Forse per questo Anthime, ritrovando l’amico Padioleau, anch’egli tornato a
casa perché invalido (ha perduto la vista) a volte quasi rimpiange la vita di
trincea, durante la quale era tutto intero e, in alcuni casi, si era sentito
vivo, quasi divertendosi, ingegnandosi per inventare accorgimenti per
sopportare meglio quelle privazioni: “nonostante
tutto aveva passato dei bei momenti. Anche se spidocchiarsi era meno divertente,
era comunque uno svago, tra un allarme e l’altro, braccare il pidocchio per
scrollarlo dalla pelle, dalle pieghe degli abiti e dalla biancheria”.
Ora invece, tornato alla
vita borghese, privo del braccio del destro, la sua esistenza scorre lenta; il
braccio che non ha più gli manca molto: benché si sia abituato a farne senza,
possiede la vivida sensazione di averlo ancora, quel braccio, comportandosi
spesso come se lo possedesse.
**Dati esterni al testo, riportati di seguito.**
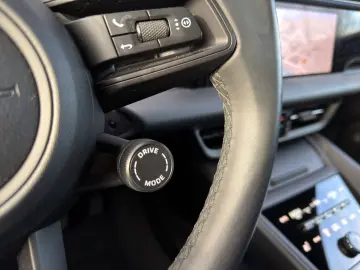 PORSCHE Macan 4   Abstandsregeltempostat   Sport Chrono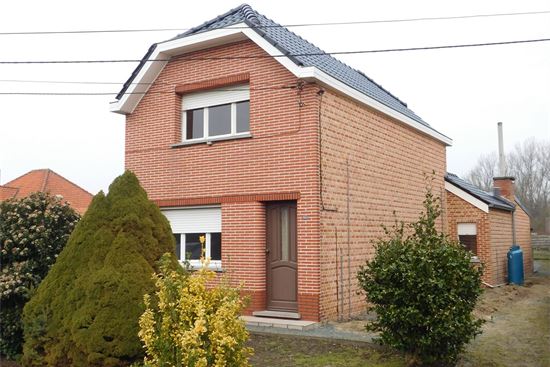 TE HUUR - Gerenoveerde woning, 2 slks op 8 are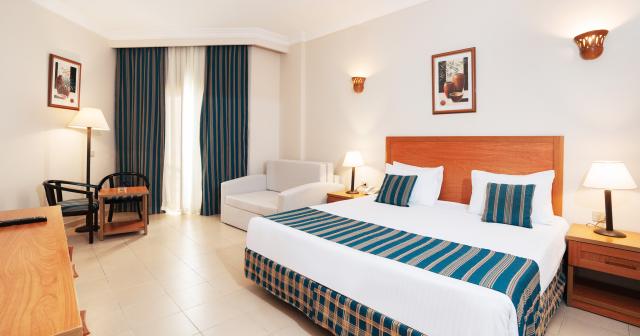 Sunrise-Le-Jardin-Aqua-Park-STANDARD-ROOM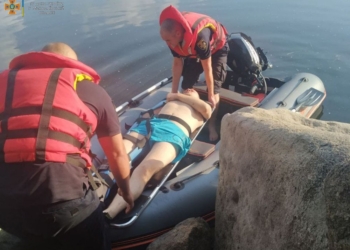 В Южноукраїнську зі скелі впав 30-річний чоловік – його діставали рятувальники (ФОТО)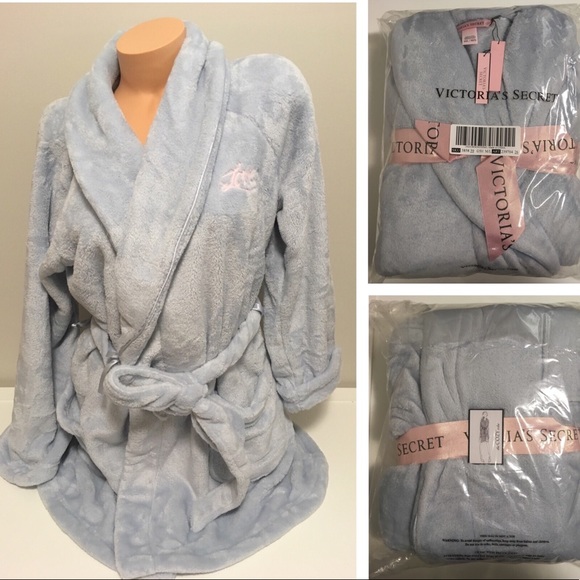 Victoria's Secret Other - 🚨LAST ONE!🚨🆕VS - GREY COZY SHORT ROBE - M/L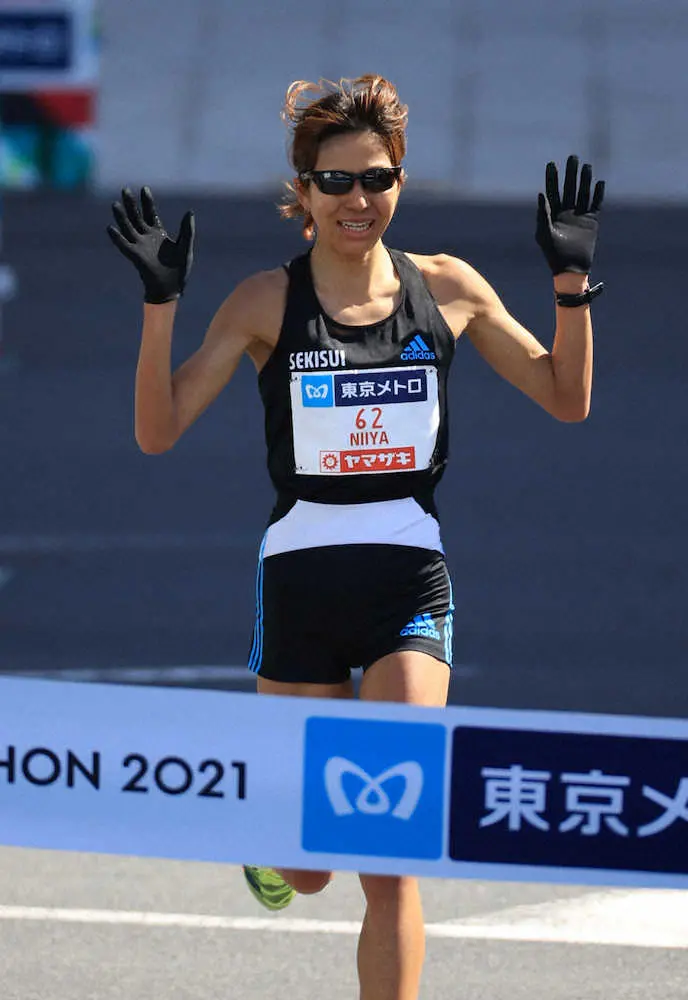 新谷仁美　世陸マラソン代表に決定　高岡氏「安藤さんより1分5秒上回っていることを評価」出場意思も確認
Ma anche questa sfortuna viene sopportata con
serafica tranquillità, perché la tragedia più grande è passata, e ora è
necessario impegnarsi per affrontare la “tragedia” più piccola, l’esistenza
quotidiana, che dura più di qualunque guerra mondiale. La conclusione di questo
bel racconto lungo è fulminea e gravida di futuro: “[Anthime] si è alzato, ha attraversato il corridoio, aperto la porta
di fronte, si è diretto nell’oscurità verso il letto di Blanche, anche lei
sveglia. Si è sdraiato accanto a lei e l’ha circondata col suo unico braccio,
poi l’ha penetrata prima di inseminarla. E l’autunno seguente, proprio mentre
si svolgeva la battaglia di Mons che è stata l’ultima, è nato un maschietto cui
è stato dato il nome di Charles”.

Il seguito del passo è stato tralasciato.